▶ [Work to complete]: Set down, exactly as they stand, the lines from the one containing "Dash of Darling" through the last line of the records below, leaving every picture out.

Crawled caption data
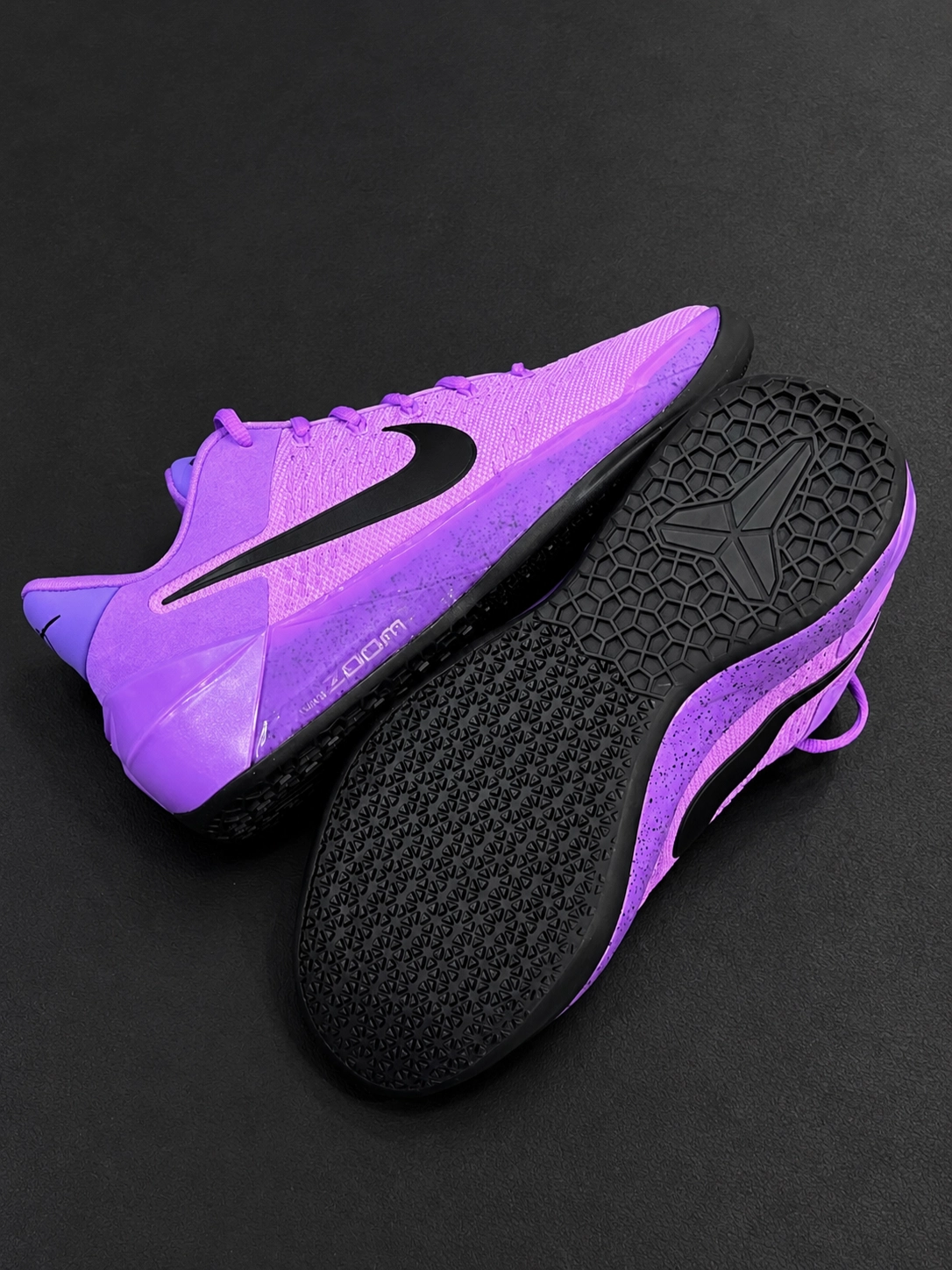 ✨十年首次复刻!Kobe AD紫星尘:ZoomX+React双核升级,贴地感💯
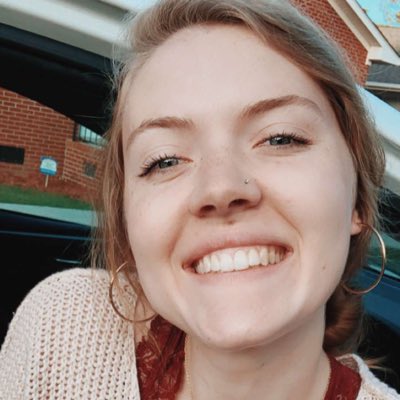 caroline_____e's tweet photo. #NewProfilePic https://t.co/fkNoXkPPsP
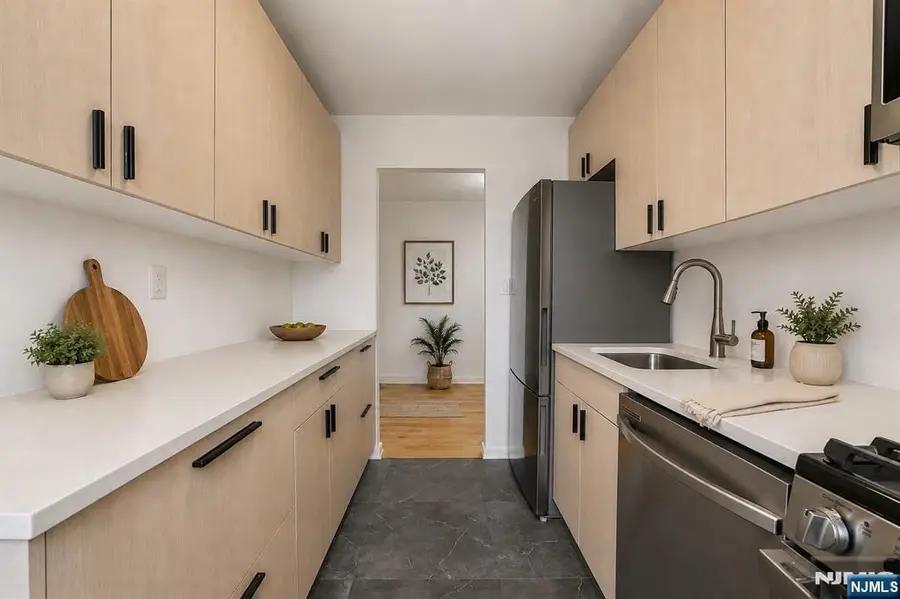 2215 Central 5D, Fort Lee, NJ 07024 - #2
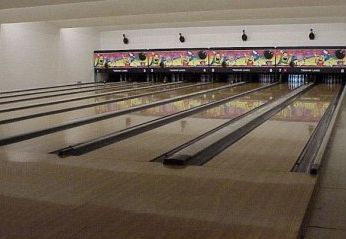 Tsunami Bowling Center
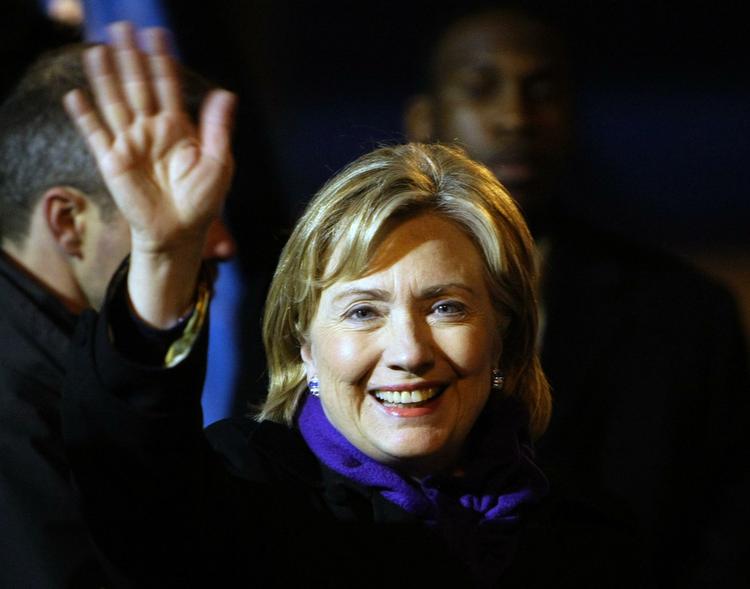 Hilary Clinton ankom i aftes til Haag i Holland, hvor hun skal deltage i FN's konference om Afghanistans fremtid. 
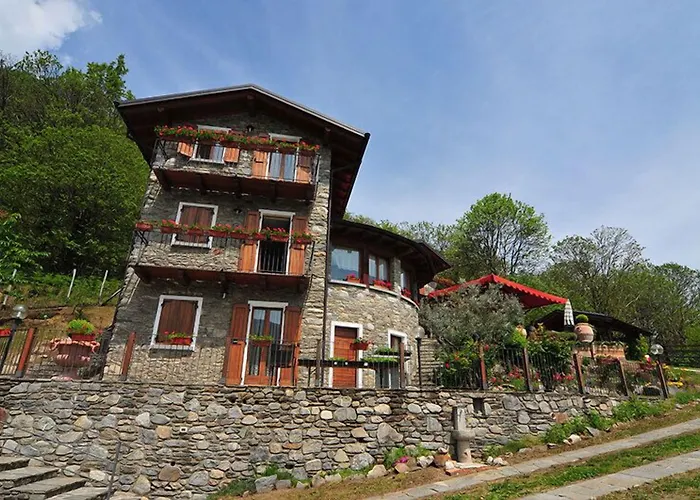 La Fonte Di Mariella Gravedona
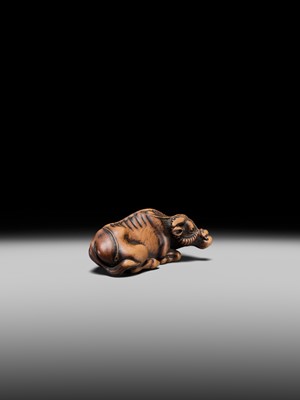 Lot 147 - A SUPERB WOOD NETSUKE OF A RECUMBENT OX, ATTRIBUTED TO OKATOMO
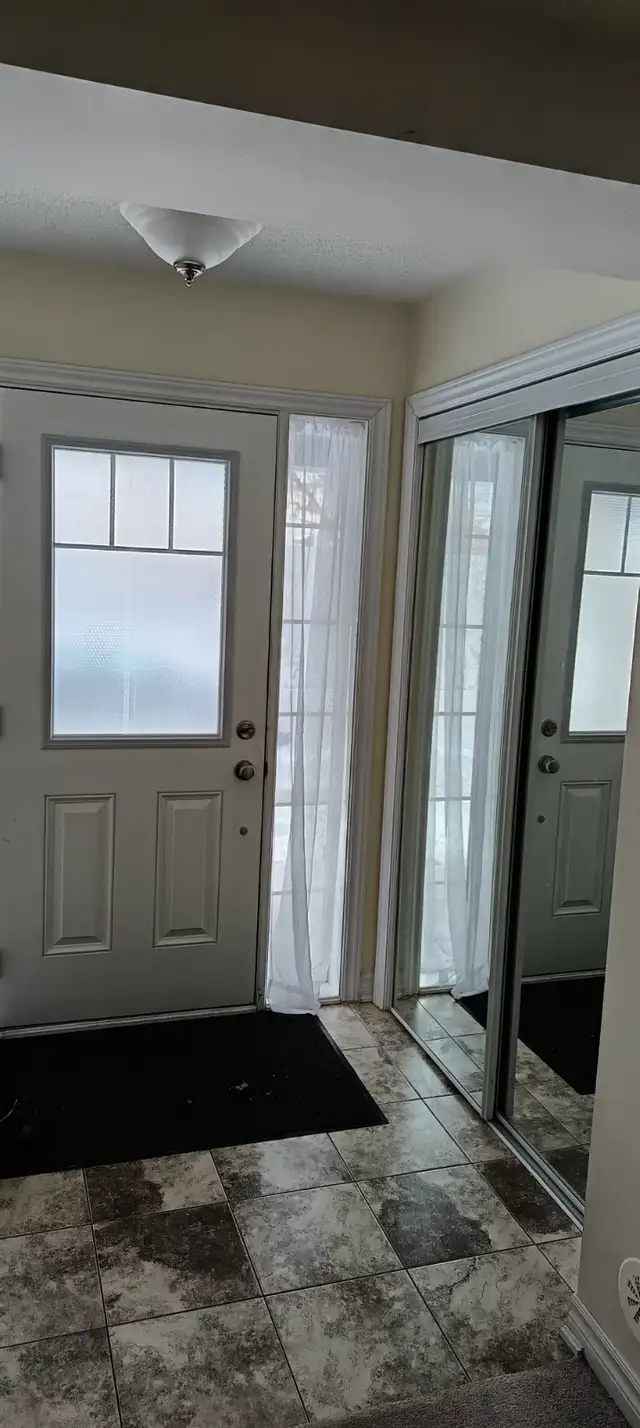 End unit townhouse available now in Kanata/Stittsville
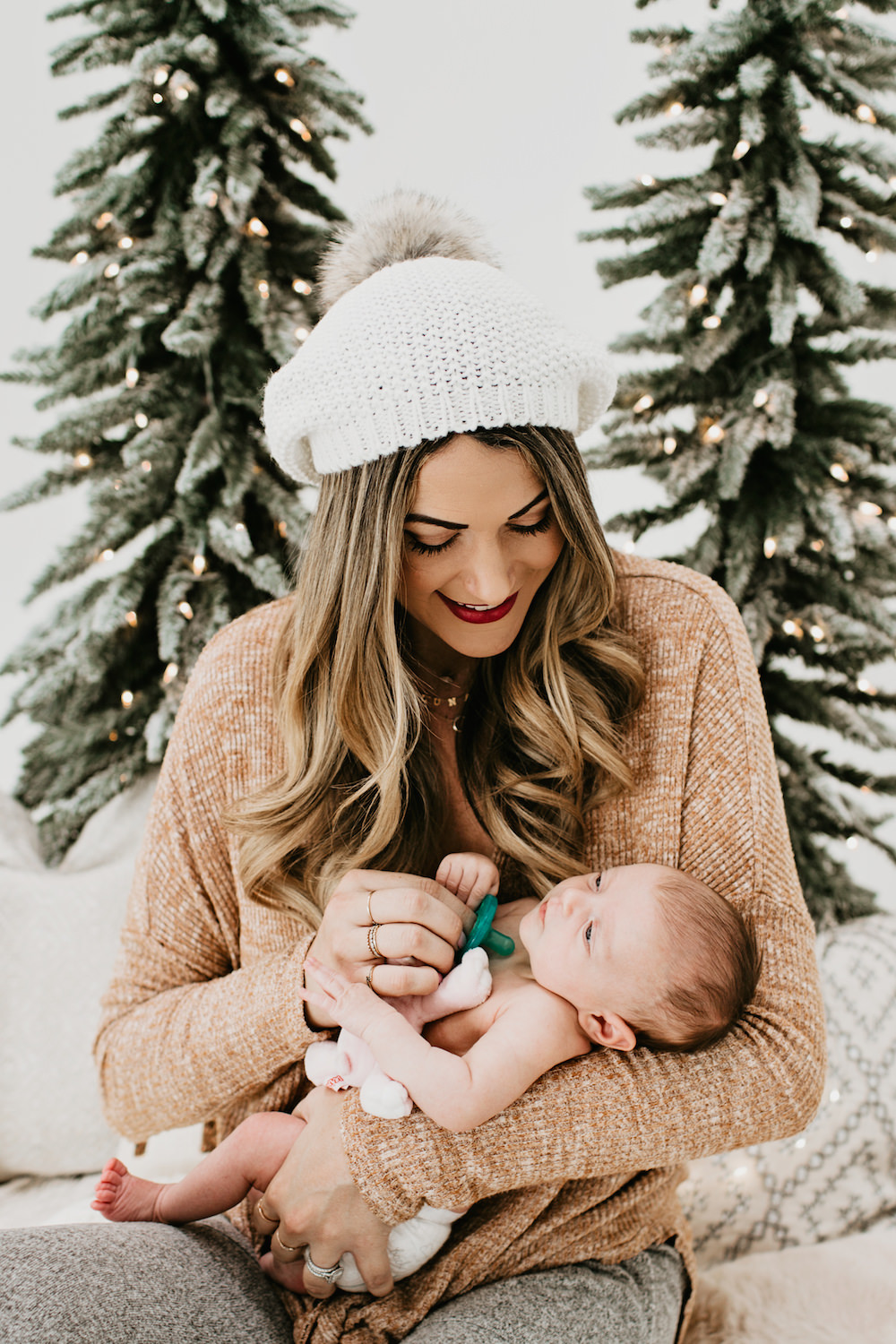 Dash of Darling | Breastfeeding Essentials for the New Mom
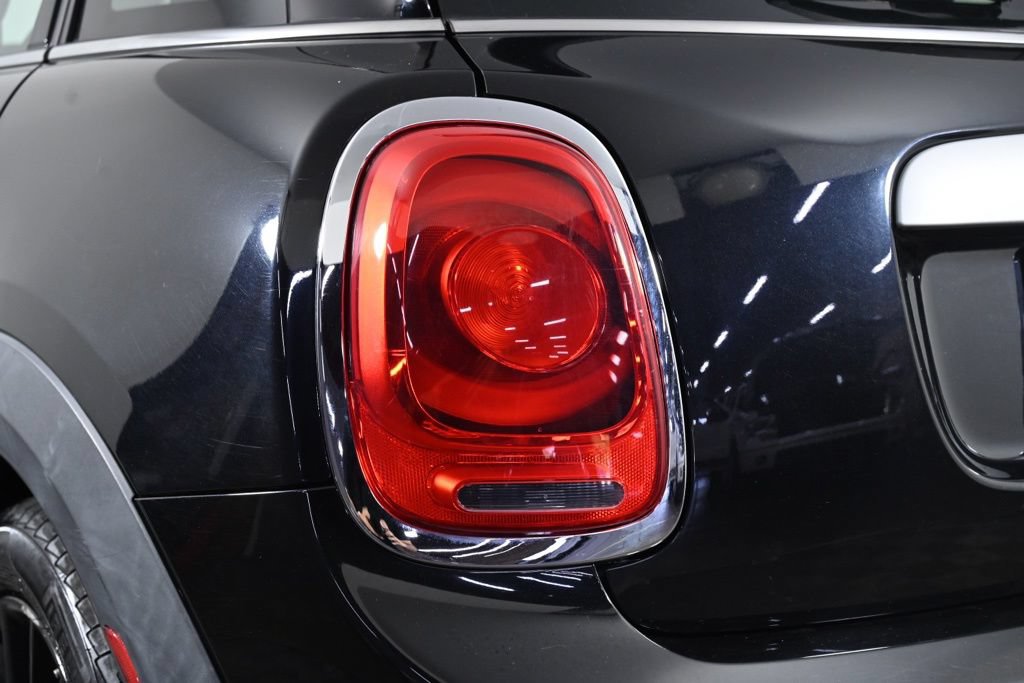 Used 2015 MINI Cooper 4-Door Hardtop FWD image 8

▶ [Response to the task]:
 Dash of Darling | Breastfeeding Essentials for the New Mom
 Used 2015 MINI Cooper 4-Door Hardtop FWD image 8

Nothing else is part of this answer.